BEGIN Data extracts

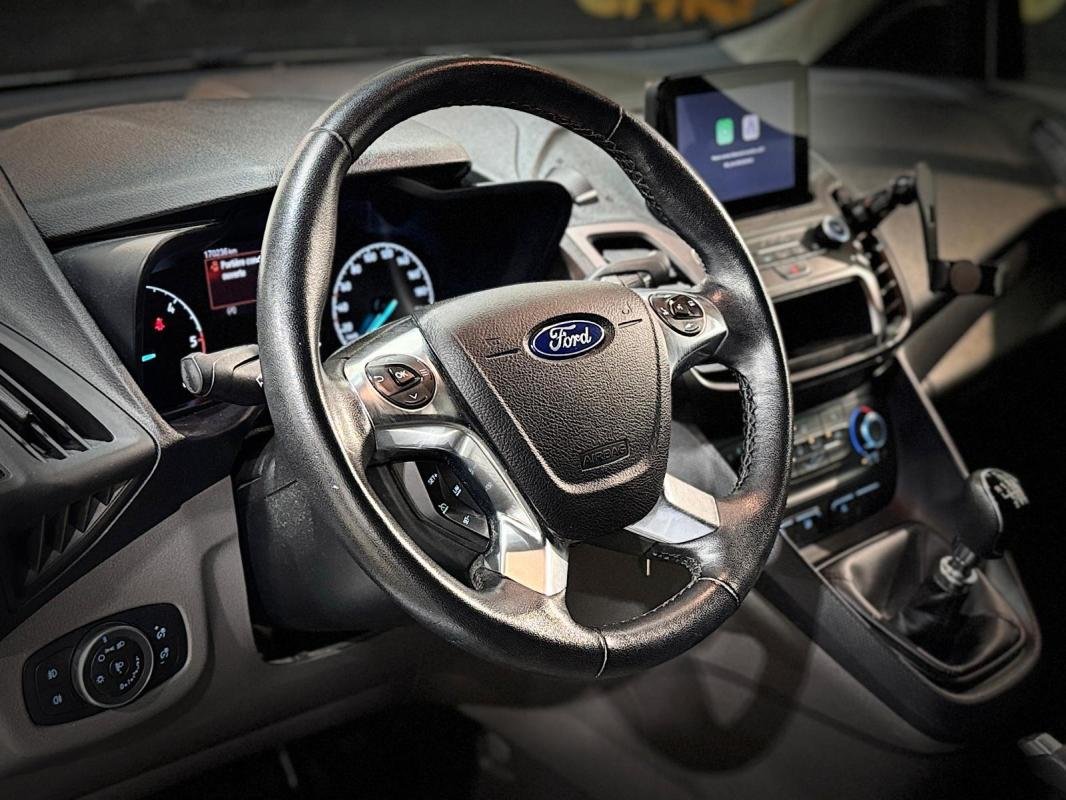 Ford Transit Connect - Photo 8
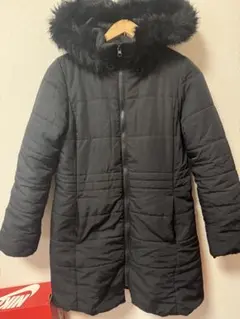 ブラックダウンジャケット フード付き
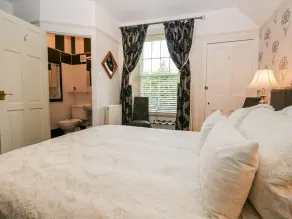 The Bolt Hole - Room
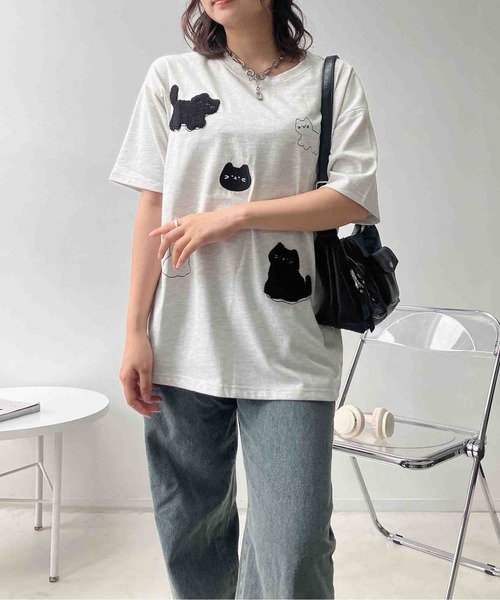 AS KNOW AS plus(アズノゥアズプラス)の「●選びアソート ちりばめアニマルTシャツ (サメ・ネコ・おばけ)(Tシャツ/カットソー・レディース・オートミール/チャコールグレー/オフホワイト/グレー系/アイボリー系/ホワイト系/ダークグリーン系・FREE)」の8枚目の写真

END Data extracts
BEGIN Data extracts

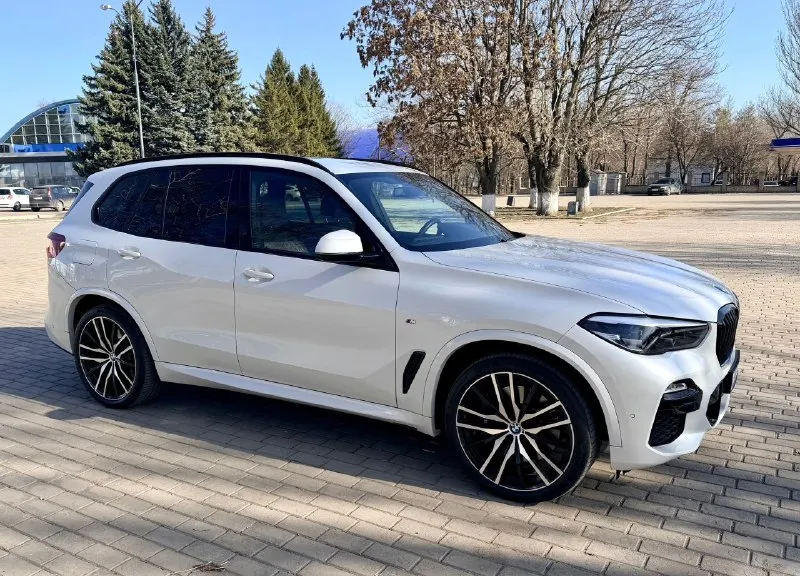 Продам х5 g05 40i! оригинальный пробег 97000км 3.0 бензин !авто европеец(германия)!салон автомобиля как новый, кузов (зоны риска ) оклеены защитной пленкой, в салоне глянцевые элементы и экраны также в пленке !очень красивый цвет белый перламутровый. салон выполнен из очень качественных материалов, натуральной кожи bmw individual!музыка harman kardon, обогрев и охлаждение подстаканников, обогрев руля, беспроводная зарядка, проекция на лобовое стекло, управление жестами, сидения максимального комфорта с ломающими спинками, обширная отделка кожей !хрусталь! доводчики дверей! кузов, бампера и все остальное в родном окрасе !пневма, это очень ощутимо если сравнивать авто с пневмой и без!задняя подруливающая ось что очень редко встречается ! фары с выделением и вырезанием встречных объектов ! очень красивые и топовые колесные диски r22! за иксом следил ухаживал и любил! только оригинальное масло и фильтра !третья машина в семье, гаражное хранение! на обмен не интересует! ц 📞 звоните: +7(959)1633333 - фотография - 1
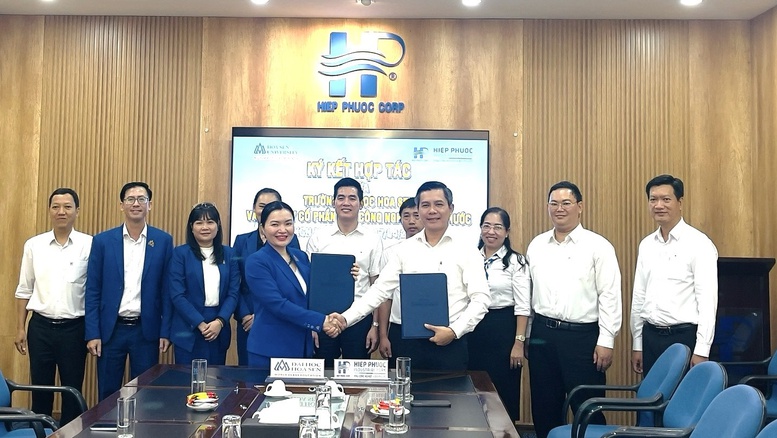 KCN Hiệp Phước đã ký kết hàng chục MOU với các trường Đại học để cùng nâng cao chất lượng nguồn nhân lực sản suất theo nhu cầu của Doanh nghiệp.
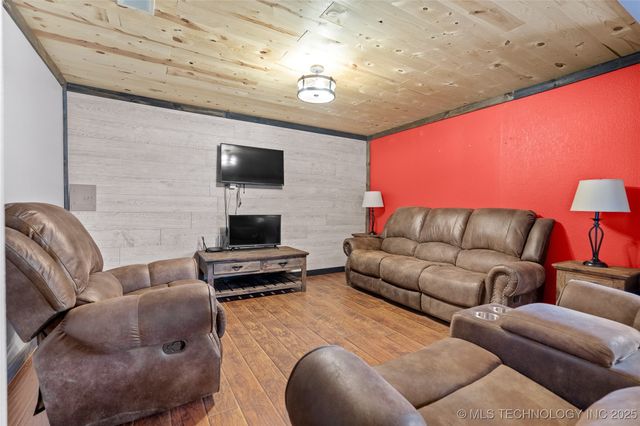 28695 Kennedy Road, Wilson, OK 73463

END Data extracts
BEGIN Data extracts

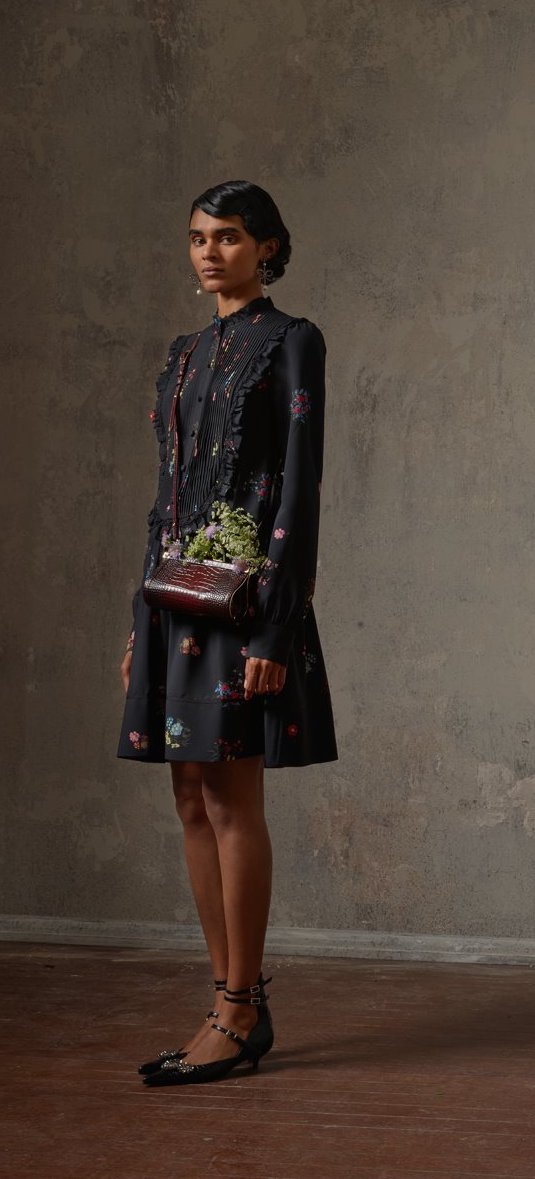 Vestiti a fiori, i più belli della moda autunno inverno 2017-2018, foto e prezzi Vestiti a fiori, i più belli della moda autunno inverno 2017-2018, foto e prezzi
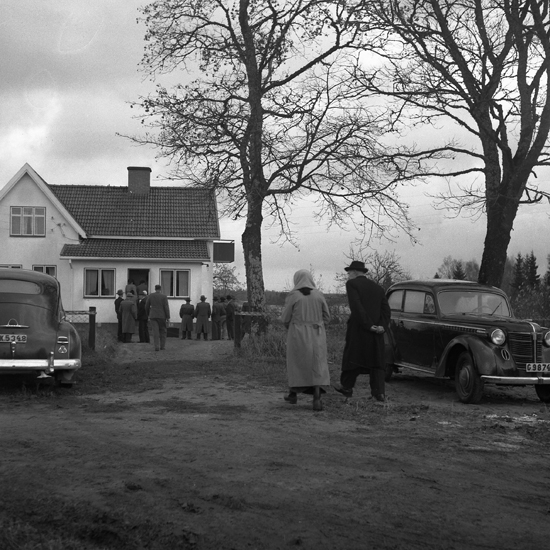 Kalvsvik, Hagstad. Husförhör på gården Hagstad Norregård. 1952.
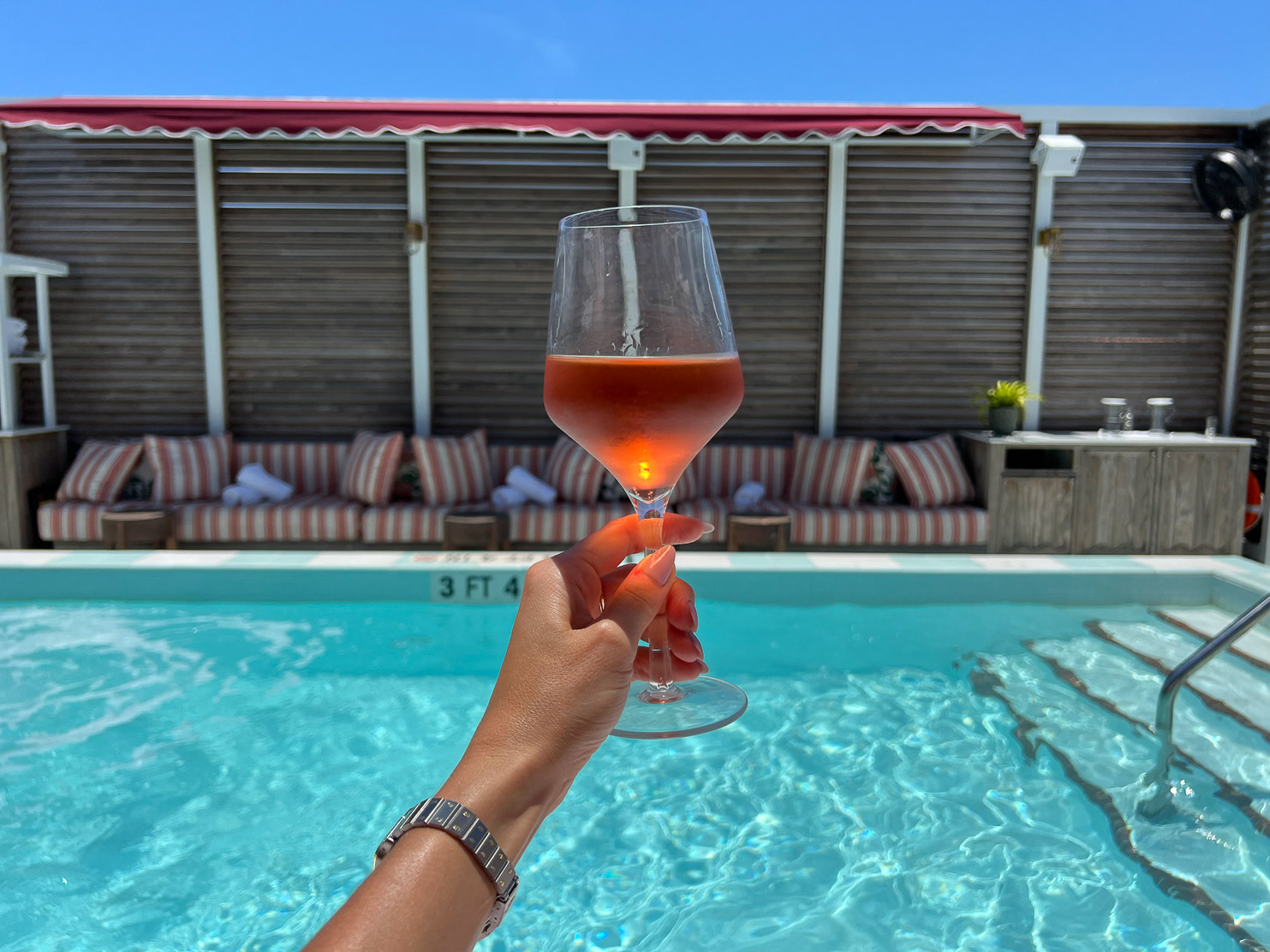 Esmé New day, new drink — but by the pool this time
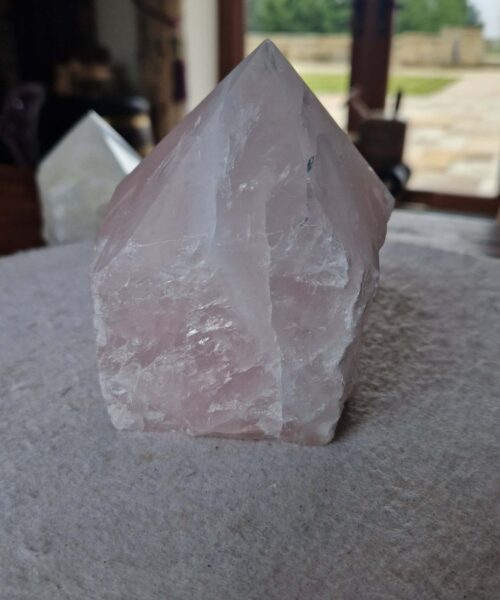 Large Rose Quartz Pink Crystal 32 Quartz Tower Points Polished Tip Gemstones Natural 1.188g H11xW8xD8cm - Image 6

END Data extracts

Taking the entries above, copy word for word the lines from the one with "Esmé New day, new" up to and including the one with "Large Rose Quartz", without any picture.

 Esmé New day, new drink — but by the pool this time
 Large Rose Quartz Pink Crystal 32 Quartz Tower Points Polished Tip Gemstones Natural 1.188g H11xW8xD8cm - Image 6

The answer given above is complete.